Cocky space-smuggler Malcolm Reynolds (Nathan Fillion) and his crew - engineer Kaylee (Jewel Staite), his second in command and most trusted ally, Zoe (Gina Torres), her husband, the pilot, Wash (Alan Tudyk), and the muscle, Jayne (Adam Baldwin) - are still harbouring fugitives, the telepathic River Tam (Summer Glau) and her doctor brother, Simon (Sean Maher) on-board their rust-bucket space ship.
The alliance’s hunt for the fugitives - especially River, who harbours some secrets and then some - is cranked up a notch when The Operative (Chiwetel Ejiofor) is assigned to find them. He’ll do anything - quite a nasty character he is - to get to River, and it poses quite a challenge for the crew of Serenity.
"Serenity" feels like a gobsmackingly-good two-hour season ender for the series. But that’s good. That’s what fans want. Who wants to revisit the beloved characters only to discover that they’re changed, or that the story’s drifted away from the one we were tuning in week-after-week for?
At the same time, Whedon’s - making his feature-film directorial debut here - need to please the fans might also have hurt his film a little. Those that are new to the world might soon catch on - you get a quick introduction - but they’re unlikely to be as emotionally invested in the characters as the fans are, and let’s admit it, it’s the characters that we keep coming back for. Some of the film’s surprises are unlikely to affect newcomers, as they will the regular browncoats.
Still, everyone likes a good movie - and this is definitely an A-grade experience. The writing is impeccable, the chemistry among the cast is fantastic, the performances are great, and the action is non-stop. The film’s skirmishes really kick in towards the tail end of the movie, and it’s everyone’s party then.

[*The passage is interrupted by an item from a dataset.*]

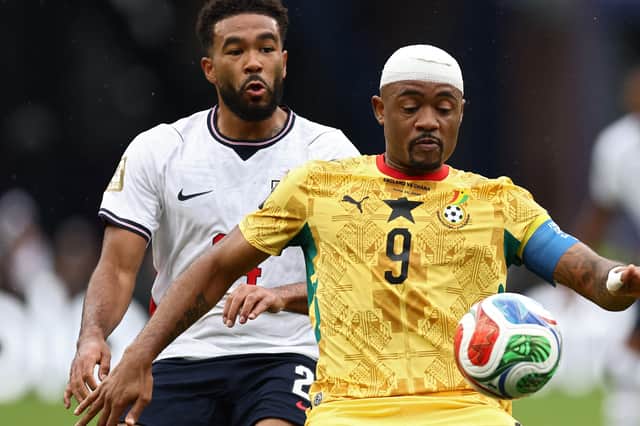 Reece James tussles with Jordan Ayew during the 0-0 draw with Ghana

Summer Glau is inevitably the film’s standout as the puzzling Escapee River giving a multi-faceted performance and predominantly, kicking some royal bootie in action stakes, but series scene-stealers Nathan Fillion, as Mal, and Adam Baldwin, as Jayne, are still as amusing and boastful as ever. There’s a couple of equally talented newcomers to the Whedonverse too - Chiwetel Ejiofor as the ominous villain, and the always-dependable David Krumholtz as the amusing techno-head ‘Mr Universe’.
There are some slow spots - exposition does need to be slotted somewhere, I guess? - and it’s disappointing to see a couple of the show’s most popular characters sitting on the bench, but all-in-all, "Firefly" fans are going to be extremely happy with the feature-length treat Sir Whedon has rewarded them with here.
Many, I’m guessing, might want to pick up some cough mixture on their way home from the theatre too - with all the screaming, laughing, yahooing and shouting, they’ll be doing, they’re inexorably going to lose their voice.
Thanks Joss. This is a superb directorial debut - and one sensational bit of cinema.